-- Opening Marker --

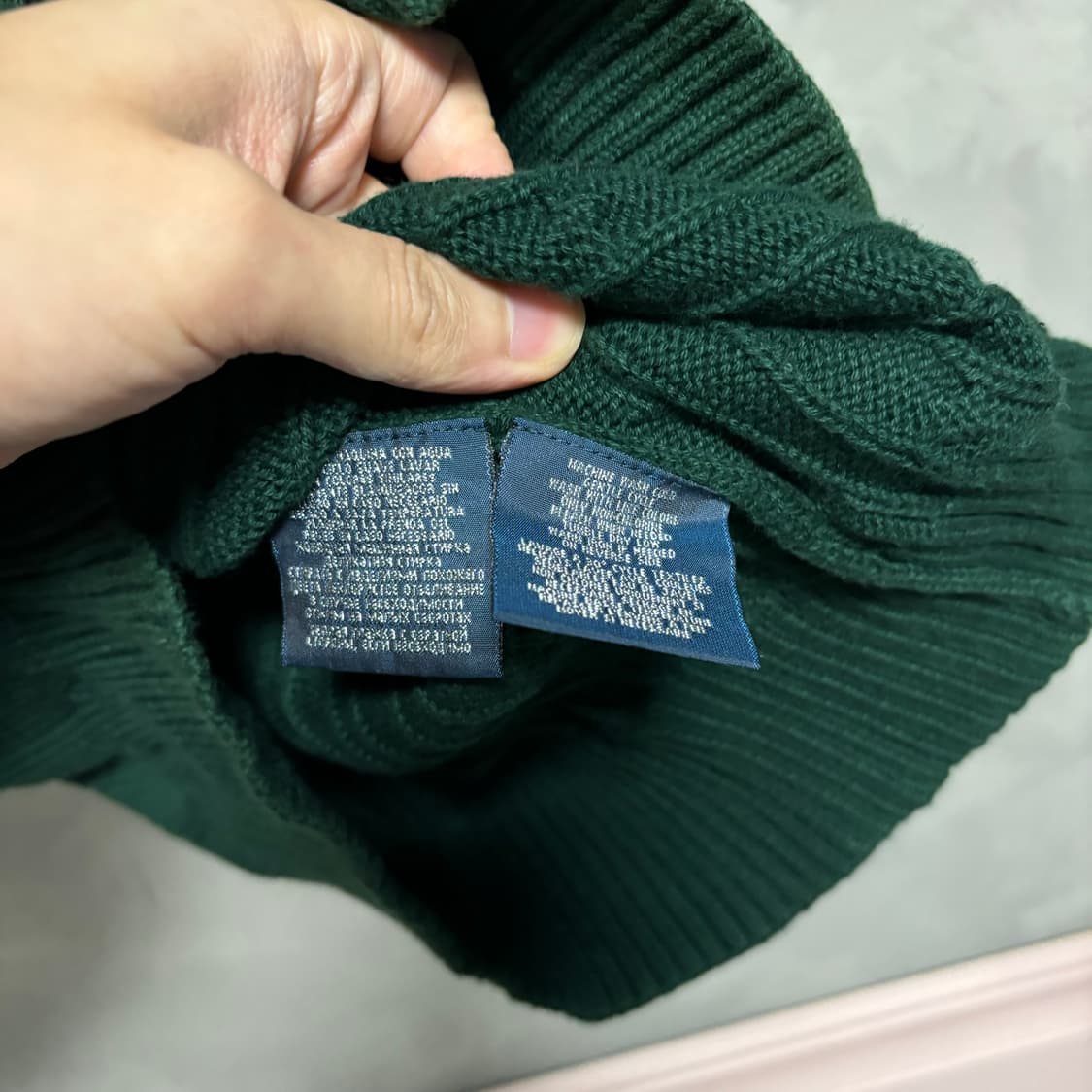 폴로 랄프로렌 꽈배기 니트 조끼 그린 상품이미지3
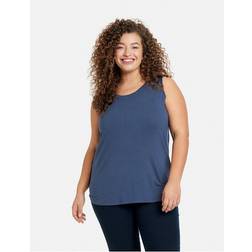 Samoon Basic Top with Side Slits - Mood Blue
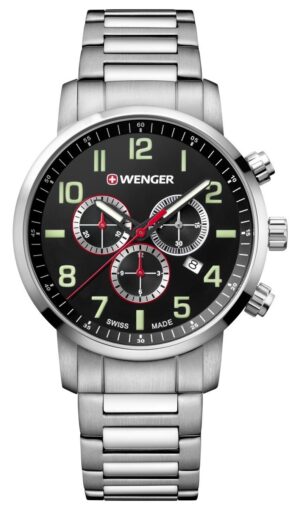 Wenger Ezüst Színű Férfi karóra, Attitude Chronograph 01.1543.102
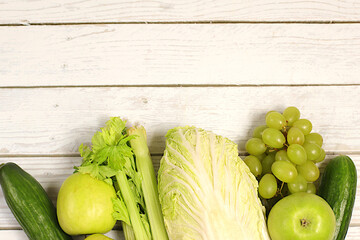 Detox diet and weight loss concept, Healthy vegan products for a healthy lifestyle. Cucumbers,...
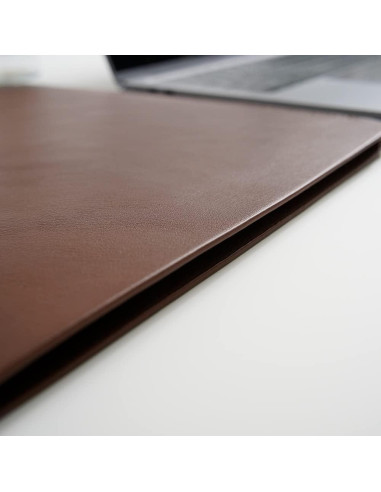 Funda de cuero sintético NTYY para laptop 13" marrón oscuro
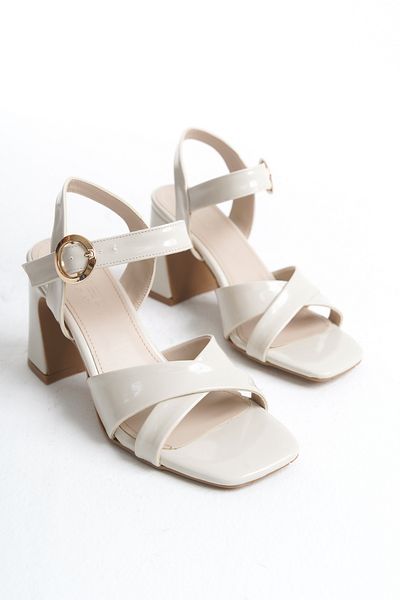 MARSEDO Women's Beige Casual Shoes - Blunt Toe, Open Back Band, Chunky Heel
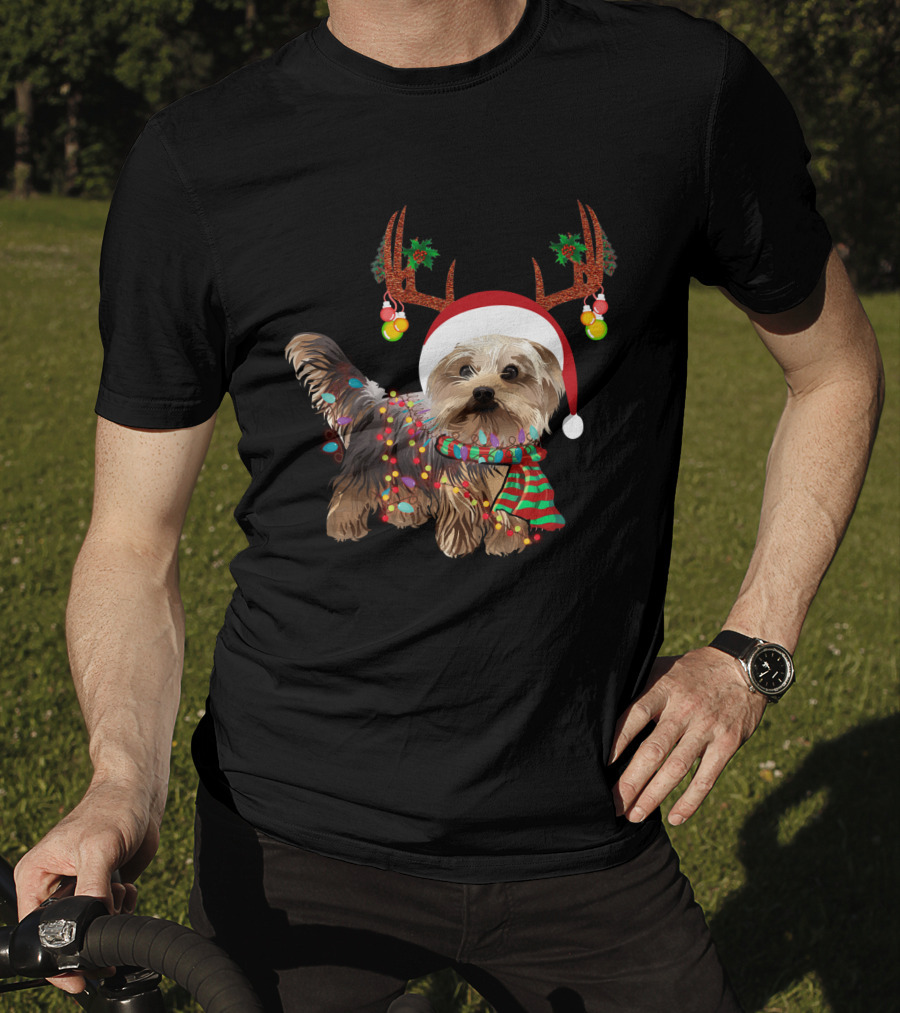 Christmas Cute Dog With Santa Hat And Reindeer Antlers T-Shirt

-- Closing Marker --

[EXERCISE GOAL] Without any pictures, restate word for word only the lines from the one with "Detox diet and" through the end of the listing.

[EXERCISE RESULT]
 Detox diet and weight loss concept, Healthy vegan products for a healthy lifestyle. Cucumbers,...
 Funda de cuero sintético NTYY para laptop 13" marrón oscuro
 MARSEDO Women's Beige Casual Shoes - Blunt Toe, Open Back Band, Chunky Heel
 Christmas Cute Dog With Santa Hat And Reindeer Antlers T-Shirt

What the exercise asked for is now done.